I am told that Firefox Nightly now allows you to use keyboard shortcuts to seek the video. Part of the problem here is that there are some sites that have special logic around seeking, so having playback controls on the PiP popup can cause the original page's custom controls to get confused or out of sync.
That would be great. My main use-case is watching youtube videos.
When watching a video, I often pause (space) to have a better look at what's on the screen [-> rewind (left)] -> play (space)
I absolutely loathe youtube's "suggested videos" that pop in my face when I try to focus on a specific frame. I never used that feature, it's just a way to shove ads in my face. Moreover, if I close it, the open/close button is now focused, and space brings it up again instead of resuming the video. This is tedious.
I thought that PiP would solve that, but it looks like I cannot pause the video with space if I haven't clicked the pause button already, and I can't seek.
I often just revert to pasting the URL for mpv to open it after getting frustrated and losing my time with both other methods.
Suggested videos can be ‘disabled’ with rules in uBlock Origin or other extensions. I'm not at the desktop so you'll have to search the web for the exact element classes/ids.
Are you sure Youtube's keyboard shortcut for pause is "Space" for you? For me it's K, with J being jump backward a few seconds and L being jump forward a few seconds. I don't know if the media buttons (Pause, Rewind, Fast Forward) would also work as this keyboard pre-dates Windows 95 so it doesn't have anything like that. [ Yes I should buy a new keyboard... ]
Thank you, I hadn't realized there were separate keyboard shortcuts, even though the one for pause is indicated on hover.
Even though space conflicts with toggling the currently selected item (tab/space), it is the more common shortcut in video player applications, and is quite easy to reach. I also think that mouse clicking an element shouldn't change the keyboard selection to that one.
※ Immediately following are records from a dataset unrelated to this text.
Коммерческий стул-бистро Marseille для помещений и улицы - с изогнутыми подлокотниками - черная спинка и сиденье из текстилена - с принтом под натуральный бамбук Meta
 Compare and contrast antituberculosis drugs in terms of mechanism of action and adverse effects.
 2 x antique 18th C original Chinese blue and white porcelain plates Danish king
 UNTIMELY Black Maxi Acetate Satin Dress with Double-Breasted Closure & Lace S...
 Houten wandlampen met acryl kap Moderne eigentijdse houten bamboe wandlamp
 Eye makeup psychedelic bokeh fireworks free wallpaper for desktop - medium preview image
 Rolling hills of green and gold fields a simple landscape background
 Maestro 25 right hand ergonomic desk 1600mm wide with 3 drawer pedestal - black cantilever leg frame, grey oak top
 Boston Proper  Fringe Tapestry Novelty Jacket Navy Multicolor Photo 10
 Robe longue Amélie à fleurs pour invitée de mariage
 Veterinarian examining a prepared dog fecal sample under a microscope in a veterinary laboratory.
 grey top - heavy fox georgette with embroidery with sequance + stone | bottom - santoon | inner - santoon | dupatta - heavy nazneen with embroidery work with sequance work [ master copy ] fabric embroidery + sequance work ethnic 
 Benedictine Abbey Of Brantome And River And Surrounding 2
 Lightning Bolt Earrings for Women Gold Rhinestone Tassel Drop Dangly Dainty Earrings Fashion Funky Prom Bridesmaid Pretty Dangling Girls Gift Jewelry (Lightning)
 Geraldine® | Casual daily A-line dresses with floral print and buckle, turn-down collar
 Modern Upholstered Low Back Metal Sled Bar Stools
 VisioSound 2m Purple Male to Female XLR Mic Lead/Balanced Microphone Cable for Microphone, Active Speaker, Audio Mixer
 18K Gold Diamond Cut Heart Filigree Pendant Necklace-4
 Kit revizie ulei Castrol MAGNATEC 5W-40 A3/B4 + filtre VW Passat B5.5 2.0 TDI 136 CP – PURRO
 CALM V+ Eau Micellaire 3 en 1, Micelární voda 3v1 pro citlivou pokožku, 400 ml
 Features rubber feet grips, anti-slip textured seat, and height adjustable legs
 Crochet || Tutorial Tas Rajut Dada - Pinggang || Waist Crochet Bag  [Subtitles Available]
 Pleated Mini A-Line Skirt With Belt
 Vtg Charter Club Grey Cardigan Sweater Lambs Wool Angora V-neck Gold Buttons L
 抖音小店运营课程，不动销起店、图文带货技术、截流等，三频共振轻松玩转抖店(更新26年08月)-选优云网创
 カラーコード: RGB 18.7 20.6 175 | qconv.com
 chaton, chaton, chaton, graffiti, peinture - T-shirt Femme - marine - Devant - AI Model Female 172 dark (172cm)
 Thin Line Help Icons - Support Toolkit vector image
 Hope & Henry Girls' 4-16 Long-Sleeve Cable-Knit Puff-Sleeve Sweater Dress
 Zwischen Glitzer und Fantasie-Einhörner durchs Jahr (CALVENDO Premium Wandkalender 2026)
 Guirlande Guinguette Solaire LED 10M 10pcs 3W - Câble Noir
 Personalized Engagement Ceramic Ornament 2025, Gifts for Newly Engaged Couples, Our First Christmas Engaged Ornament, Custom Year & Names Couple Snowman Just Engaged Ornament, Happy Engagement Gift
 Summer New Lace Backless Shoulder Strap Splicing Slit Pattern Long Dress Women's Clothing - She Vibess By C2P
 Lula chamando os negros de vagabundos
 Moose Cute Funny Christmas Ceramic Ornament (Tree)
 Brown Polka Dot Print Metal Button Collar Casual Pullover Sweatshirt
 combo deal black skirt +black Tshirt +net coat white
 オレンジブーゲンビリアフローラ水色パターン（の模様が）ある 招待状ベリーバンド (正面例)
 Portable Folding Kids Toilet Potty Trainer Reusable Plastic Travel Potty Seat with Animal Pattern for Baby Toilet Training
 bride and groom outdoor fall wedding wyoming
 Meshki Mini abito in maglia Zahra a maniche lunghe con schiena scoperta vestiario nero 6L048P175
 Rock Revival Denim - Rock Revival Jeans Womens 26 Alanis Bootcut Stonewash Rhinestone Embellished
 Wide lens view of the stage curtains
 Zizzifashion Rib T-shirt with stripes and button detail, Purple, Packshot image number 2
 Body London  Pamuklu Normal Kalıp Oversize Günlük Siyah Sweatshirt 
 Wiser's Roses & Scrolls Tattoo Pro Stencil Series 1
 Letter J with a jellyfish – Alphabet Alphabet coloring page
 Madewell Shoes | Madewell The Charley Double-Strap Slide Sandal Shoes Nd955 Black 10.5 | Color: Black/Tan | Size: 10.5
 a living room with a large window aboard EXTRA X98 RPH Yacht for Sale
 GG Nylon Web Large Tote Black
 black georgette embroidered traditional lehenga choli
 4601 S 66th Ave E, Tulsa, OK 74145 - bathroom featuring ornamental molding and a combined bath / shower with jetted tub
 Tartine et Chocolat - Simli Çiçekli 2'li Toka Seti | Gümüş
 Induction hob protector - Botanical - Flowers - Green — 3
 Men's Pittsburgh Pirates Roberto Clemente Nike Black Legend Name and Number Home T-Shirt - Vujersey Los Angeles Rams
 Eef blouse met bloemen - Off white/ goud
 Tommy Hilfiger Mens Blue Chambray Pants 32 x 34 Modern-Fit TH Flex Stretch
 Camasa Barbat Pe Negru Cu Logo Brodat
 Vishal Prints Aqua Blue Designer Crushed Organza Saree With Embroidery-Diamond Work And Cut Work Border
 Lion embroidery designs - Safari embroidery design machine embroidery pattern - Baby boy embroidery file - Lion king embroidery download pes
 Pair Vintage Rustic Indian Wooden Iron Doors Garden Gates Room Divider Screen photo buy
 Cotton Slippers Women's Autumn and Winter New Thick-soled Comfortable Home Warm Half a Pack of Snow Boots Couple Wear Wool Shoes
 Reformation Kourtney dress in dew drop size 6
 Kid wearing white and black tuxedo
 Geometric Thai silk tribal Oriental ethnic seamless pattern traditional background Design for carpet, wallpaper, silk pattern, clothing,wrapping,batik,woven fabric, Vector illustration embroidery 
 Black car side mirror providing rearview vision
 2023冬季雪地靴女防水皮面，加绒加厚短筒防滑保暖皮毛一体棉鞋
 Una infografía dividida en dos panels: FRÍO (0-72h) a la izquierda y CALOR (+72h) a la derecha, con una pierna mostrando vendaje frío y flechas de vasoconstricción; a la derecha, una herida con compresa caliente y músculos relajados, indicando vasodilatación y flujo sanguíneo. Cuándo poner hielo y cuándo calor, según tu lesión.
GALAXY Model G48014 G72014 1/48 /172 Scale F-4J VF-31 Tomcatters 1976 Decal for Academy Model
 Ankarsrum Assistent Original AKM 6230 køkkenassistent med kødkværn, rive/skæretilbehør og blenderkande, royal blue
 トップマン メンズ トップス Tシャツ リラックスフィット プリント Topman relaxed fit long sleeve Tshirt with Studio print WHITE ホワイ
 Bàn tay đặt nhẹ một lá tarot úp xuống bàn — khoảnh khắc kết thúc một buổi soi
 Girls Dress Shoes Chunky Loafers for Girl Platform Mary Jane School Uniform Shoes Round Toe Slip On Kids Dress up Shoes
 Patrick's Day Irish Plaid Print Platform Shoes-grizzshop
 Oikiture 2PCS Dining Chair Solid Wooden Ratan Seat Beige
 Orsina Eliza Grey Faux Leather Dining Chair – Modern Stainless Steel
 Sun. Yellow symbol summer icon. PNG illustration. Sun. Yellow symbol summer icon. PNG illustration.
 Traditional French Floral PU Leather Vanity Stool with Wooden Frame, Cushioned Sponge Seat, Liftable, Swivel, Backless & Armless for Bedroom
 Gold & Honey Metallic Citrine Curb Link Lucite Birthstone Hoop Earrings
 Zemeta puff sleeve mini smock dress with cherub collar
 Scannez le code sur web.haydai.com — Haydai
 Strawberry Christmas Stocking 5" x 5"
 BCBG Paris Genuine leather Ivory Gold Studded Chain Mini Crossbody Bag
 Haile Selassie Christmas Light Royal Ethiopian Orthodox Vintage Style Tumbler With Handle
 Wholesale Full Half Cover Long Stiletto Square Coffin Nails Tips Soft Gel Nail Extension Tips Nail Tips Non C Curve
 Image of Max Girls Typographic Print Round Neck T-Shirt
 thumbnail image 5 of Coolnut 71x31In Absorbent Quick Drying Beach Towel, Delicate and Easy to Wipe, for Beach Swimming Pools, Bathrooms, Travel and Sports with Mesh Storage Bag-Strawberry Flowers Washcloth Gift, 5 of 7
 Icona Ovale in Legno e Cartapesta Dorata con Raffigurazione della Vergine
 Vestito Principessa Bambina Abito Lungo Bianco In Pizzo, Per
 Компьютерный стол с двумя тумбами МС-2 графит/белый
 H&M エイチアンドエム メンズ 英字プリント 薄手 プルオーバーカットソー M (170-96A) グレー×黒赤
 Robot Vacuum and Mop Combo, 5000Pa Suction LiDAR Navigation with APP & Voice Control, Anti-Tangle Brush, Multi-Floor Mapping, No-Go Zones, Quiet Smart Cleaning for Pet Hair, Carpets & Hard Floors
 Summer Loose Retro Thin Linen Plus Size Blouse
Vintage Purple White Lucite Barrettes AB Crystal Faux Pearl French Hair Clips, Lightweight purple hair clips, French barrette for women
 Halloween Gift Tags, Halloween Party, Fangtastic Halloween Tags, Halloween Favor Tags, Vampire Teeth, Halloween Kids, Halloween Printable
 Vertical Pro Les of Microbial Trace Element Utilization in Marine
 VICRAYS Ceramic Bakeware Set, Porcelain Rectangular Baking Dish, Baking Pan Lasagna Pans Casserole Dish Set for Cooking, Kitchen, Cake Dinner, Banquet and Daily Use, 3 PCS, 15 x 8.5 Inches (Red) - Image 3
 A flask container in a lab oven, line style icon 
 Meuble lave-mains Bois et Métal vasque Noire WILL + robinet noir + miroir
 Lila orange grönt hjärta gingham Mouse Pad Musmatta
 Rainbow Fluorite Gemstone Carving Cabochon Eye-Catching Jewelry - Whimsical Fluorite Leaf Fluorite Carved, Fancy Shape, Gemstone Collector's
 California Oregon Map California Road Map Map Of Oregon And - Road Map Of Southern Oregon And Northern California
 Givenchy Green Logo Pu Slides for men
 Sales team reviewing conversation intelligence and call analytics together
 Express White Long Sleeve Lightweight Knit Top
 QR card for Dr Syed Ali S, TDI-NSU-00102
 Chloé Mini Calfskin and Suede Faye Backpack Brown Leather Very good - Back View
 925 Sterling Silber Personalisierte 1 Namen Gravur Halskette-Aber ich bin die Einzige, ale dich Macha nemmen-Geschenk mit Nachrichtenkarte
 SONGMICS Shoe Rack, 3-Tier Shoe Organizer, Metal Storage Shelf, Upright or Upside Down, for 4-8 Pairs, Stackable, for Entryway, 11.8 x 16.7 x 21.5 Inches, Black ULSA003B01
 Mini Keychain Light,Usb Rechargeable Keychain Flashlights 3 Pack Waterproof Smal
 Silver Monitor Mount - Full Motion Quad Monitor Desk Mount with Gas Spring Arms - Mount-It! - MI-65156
Not sure how those media control are interpreted, I think I usually set them to control the MPRIS interface, so they would at the very least work on KDE with plasma browser integration.
You can use stylish to remove the suggested popup div, if there's any interest I will put up a gist somewhere. I also wrote some custom CSS to center the controls rather than have them spread across my ultra-wide monitor. Huge quality of life improvement if you watch a lot of yt.